Optionally apply similar treatment in other expression‑heavy APIs if needed.
This ensures that any comparison Expr hitting Polars from the DataFrame API has already had string–numeric combinations coerced via the central helper.
5.4 Simplify Python Column comparisons
Task: In src/python/column.rs:
Adjust gt/ge/lt/le/eq/ne to only:
Convert other to RsColumn via py_any_to_column.
Call the basic Rust Column methods that build simple Expr comparisons (gt, lt, eq, neq, etc.).
Remove the current reliance on *_with_numeric_literal or any Python-side coercion logic.
Task: In src/column.rs:
Either:
Make *_with_numeric_literal thin wrappers that call coerce_for_pyspark_comparison in a type‑aware way, or
Remove them entirely once the DataFrame/plan paths reliably rewrite comparisons.
The objective is: no divergent comparison semantics between Python Column and DataFrame/plan—all type reasoning happens in one place.
5.5 Integrate into the plan interpreter
Task: In src/plan/expr.rs:
For each comparison op ("eq" | "ne" | "gt" | "ge" | "lt" | "le"):
Instead of immediately doing l.eq(r):
Identify whether operands are Expr::Column vs Expr::Literal.
If you have schema/type metadata for columns (from the plan’s context), call coerce_for_pyspark_comparison with the right types.
Build the final comparison Expr from the coerced pair.

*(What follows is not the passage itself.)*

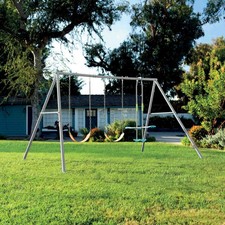 Altalena da giardino 3 giochi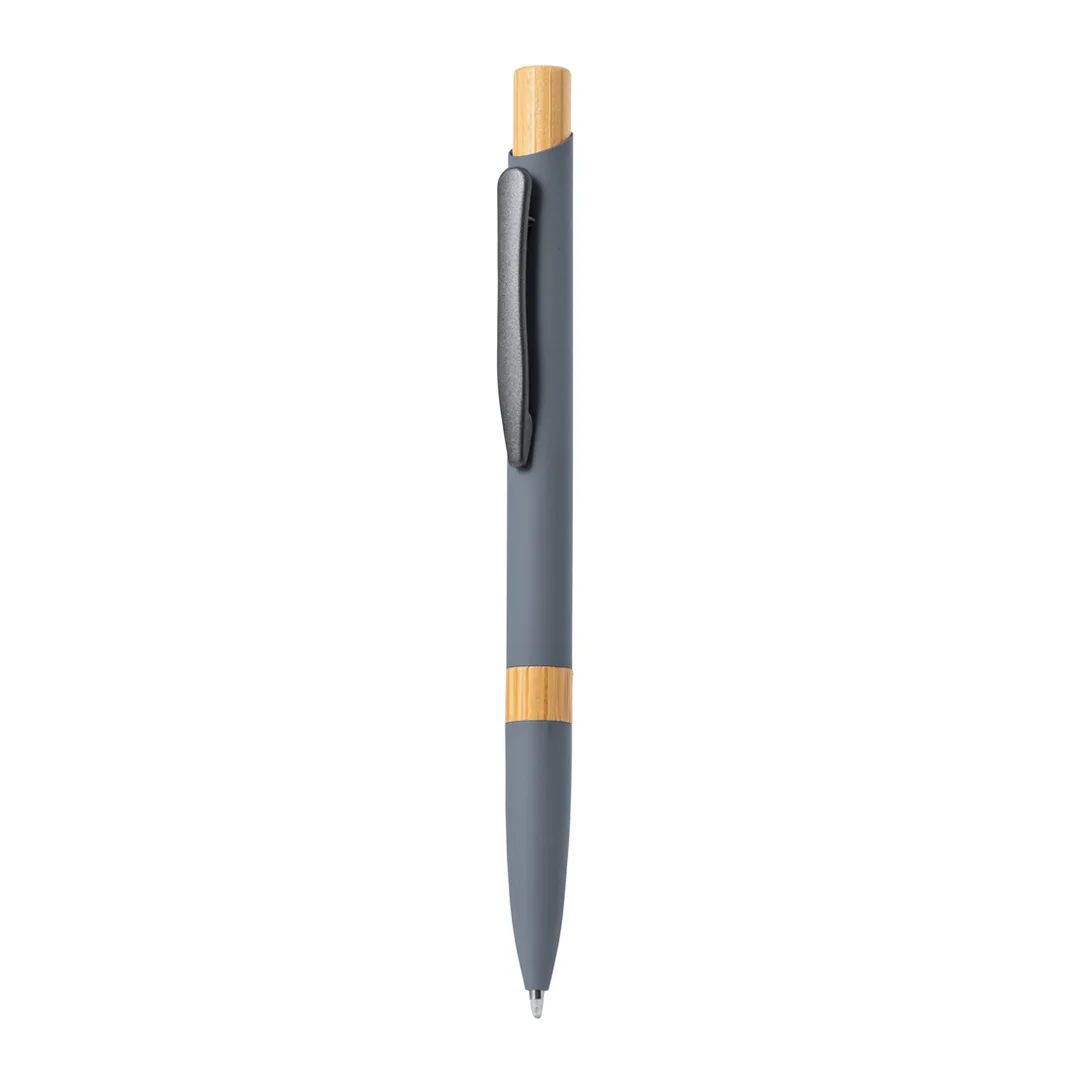 Penna a Sfera Lantasker nel colore grigio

If schema isn’t available:
Handle at least the literal–column case with a heuristic (e.g. treat col("str_col") as String if known from context), and rely on the DataFrame rewrite as a second pass.

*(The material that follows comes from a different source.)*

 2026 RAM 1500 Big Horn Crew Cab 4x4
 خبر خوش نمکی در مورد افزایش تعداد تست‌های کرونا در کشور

5.6 Testing and validation
Python tests:
Keep and extend tests/python/test_issue_235_type_strictness_comparisons.py as the canonical parity spec for #235.
Ensure it covers:
equality and ordering,
mixed valid/invalid strings,
symmetric literal–column forms.
Rust tests:
Add tests for coerce_for_pyspark_comparison to confirm:
string–numeric combinations are rewritten as expected,
numeric–numeric still use the existing path,
errors or fallbacks are deliberate.
Full suite:
Run:
python -m pytest tests/python/test_issue_235_type_strictness_comparisons.py tests/python/test_issue_201_type_strictness.py -v
make check-full
Investigate and adjust any regressions, particularly where prior behavior depended on strict comparison semantics.
5.7 Documentation and cleanup
Update:
CHANGELOG.md (#235 entry) to describe the new semantics precisely.
Optionally docs/PYSPARK_DIFFERENCES.md to note remaining edge‑case differences.
Remove:
Temporary debug env vars (ROBIN_DEBUG_235) and scattered ad hoc comparison hacks, now superseded by coerce_for_pyspark_comparison.